## Exercise objective
From the opening line of the records through the line bearing "Image similar to", set down every line exactly.

(Exercise materials)

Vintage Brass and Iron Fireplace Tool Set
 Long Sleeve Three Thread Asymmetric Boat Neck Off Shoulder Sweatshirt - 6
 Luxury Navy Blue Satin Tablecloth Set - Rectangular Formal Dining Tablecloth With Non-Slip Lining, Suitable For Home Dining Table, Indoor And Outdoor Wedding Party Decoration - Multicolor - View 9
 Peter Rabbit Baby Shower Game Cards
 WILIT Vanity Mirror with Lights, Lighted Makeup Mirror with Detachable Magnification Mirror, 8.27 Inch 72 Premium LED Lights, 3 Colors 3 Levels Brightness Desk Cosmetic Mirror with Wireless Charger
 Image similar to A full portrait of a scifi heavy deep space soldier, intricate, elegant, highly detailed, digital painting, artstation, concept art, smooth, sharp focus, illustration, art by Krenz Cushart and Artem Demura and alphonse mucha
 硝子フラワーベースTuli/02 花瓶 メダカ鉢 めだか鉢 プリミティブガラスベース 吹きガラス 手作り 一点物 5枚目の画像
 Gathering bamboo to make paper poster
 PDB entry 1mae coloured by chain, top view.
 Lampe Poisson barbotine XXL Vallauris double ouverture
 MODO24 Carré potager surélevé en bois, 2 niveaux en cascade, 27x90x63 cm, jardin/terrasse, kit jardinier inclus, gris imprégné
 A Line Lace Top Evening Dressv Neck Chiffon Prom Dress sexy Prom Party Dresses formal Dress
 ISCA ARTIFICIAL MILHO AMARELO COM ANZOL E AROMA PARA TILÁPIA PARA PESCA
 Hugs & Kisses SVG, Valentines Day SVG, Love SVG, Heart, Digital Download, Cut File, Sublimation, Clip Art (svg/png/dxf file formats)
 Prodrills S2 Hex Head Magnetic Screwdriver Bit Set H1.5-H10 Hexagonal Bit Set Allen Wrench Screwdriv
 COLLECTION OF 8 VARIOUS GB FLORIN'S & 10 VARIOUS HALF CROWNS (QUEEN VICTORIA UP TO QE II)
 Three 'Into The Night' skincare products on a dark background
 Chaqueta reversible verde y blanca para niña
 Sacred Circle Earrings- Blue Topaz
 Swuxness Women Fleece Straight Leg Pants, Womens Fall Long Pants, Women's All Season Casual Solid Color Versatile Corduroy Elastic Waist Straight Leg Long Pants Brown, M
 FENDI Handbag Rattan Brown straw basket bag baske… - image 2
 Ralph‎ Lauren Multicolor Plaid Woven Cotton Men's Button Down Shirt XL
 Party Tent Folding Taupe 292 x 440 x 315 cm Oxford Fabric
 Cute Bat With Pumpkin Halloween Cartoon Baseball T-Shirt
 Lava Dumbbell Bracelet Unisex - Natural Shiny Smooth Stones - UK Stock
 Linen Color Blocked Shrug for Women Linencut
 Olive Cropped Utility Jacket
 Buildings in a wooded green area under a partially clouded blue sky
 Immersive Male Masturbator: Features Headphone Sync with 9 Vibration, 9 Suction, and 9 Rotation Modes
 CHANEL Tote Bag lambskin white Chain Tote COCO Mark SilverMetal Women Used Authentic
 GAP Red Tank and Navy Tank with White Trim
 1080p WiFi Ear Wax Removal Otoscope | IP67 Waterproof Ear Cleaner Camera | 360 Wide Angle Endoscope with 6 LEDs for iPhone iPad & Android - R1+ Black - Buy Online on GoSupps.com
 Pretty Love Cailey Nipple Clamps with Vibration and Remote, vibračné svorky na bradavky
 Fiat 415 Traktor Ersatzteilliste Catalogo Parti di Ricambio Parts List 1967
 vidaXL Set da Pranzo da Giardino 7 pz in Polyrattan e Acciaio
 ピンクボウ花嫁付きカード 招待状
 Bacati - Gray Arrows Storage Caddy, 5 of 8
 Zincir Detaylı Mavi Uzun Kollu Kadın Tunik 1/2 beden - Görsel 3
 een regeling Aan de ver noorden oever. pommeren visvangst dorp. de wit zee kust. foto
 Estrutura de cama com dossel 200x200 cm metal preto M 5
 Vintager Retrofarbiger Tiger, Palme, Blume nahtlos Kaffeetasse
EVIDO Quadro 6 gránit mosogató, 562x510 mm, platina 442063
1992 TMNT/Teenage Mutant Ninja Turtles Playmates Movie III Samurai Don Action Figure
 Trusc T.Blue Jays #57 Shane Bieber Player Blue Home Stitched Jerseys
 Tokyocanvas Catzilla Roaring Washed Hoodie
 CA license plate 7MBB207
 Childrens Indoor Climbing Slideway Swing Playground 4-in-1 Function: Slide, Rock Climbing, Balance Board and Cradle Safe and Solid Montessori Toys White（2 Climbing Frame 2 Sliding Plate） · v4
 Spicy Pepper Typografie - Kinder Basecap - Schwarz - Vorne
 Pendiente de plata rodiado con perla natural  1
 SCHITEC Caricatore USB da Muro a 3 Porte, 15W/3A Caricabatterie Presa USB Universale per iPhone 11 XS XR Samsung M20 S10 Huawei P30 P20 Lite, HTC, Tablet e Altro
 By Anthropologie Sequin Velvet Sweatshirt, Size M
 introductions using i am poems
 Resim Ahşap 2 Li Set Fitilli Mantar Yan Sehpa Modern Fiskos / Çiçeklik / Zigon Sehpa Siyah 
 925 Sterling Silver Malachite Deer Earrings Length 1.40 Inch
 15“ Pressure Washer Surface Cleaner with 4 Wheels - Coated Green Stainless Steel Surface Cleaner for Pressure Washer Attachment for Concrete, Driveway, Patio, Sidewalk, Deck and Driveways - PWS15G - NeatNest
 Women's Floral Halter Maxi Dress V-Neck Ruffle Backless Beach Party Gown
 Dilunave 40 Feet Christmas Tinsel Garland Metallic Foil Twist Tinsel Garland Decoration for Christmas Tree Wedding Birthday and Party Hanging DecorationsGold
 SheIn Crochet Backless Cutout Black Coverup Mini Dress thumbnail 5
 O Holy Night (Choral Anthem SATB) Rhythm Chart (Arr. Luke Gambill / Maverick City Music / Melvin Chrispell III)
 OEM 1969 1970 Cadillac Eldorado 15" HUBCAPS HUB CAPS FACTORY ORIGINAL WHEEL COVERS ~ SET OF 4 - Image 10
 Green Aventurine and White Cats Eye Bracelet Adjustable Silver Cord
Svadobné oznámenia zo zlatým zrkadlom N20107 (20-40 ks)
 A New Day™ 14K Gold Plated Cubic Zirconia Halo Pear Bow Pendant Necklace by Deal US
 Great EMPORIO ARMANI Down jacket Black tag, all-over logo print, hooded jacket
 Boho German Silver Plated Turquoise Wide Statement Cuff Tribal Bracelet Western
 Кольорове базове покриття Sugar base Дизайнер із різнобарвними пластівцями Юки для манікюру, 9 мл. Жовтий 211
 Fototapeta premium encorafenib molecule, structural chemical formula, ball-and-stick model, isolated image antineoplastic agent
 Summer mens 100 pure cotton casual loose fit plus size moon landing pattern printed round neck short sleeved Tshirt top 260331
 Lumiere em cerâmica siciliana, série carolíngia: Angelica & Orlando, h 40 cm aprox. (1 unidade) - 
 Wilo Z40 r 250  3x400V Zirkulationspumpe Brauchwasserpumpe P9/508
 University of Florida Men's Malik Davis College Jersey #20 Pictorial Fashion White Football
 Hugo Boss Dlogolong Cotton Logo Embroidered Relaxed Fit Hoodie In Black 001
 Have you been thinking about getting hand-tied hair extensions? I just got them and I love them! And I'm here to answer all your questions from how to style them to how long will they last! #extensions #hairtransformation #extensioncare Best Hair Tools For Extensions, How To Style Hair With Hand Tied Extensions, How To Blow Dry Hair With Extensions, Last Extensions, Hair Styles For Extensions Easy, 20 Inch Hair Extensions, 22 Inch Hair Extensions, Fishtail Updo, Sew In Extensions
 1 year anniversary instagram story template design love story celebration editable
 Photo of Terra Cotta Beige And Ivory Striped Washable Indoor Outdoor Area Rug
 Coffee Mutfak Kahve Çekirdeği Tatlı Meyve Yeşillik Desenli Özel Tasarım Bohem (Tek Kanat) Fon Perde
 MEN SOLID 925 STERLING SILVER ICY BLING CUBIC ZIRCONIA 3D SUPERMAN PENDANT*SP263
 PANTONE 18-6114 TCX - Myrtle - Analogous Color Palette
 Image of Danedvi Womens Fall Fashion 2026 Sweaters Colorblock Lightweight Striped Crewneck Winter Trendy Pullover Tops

(End Exercise materials)

## Task solution
Vintage Brass and Iron Fireplace Tool Set
 Long Sleeve Three Thread Asymmetric Boat Neck Off Shoulder Sweatshirt - 6
 Luxury Navy Blue Satin Tablecloth Set - Rectangular Formal Dining Tablecloth With Non-Slip Lining, Suitable For Home Dining Table, Indoor And Outdoor Wedding Party Decoration - Multicolor - View 9
 Peter Rabbit Baby Shower Game Cards
 WILIT Vanity Mirror with Lights, Lighted Makeup Mirror with Detachable Magnification Mirror, 8.27 Inch 72 Premium LED Lights, 3 Colors 3 Levels Brightness Desk Cosmetic Mirror with Wireless Charger
 Image similar to A full portrait of a scifi heavy deep space soldier, intricate, elegant, highly detailed, digital painting, artstation, concept art, smooth, sharp focus, illustration, art by Krenz Cushart and Artem Demura and alphonse mucha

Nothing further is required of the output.